The cover of this book haunted my childhood. My dad had this paperback on his bookshelf. And when I was just an early reader, I would love to look at the covers of his books. I don’t remember any of them, except this. I hated it because it was so creepy. As vivid as the cover is, I had entirely forgotten which book it was until I actually started reading this one. And when I read the short story about a man with eyeballs on his hand, the memory came rushing back. I’m sure you’ll be relieved to know that this cover no longer haunts me. I can look at it with no ill effects.

I love individual short stories, but short story collections just aren’t my thing. I much prefer a novel. But I’ve been working my way through all SK’s books and picked this one up. It’s his first collection, published in 1978, and reading it was a blast to the past. These stories are very similar to his early novels in writing style. You also get a glimpse into the SK multi-verse.

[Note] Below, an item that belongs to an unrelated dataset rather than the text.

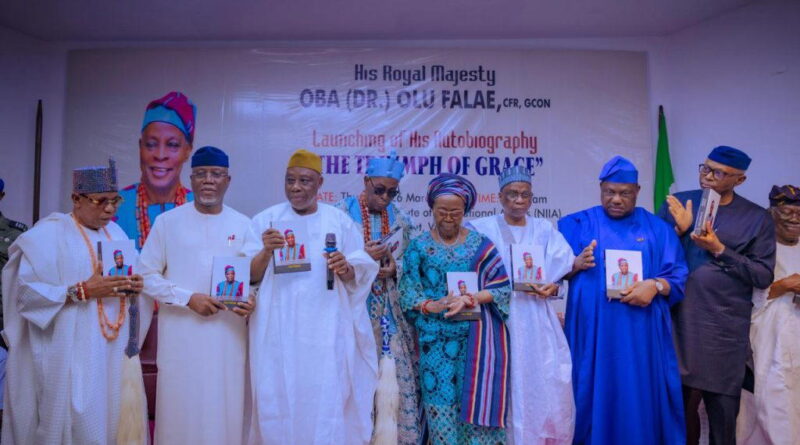 Falae’s autobiography, ‘Triumph of Grace’ captures Nigeria’s political journey – Mimiko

“Night Surf” is tangentially related to The Stand. “Jerusalem’s Lot” and “One for the Road” revisit ‘Salem’s Lot. The famous “Children of the Corn” is introduced here, as is “The Lawnmower Man” (which is 99% different than the movie). Every one of these stories was excellent, which is rare for me to acknowledge. Usually there’s a hit or a miss in there somewhere, but I enjoyed them all. If you’re looking to get into SK but aren’t ready to tackle a novel yet, I highly recommend this collection.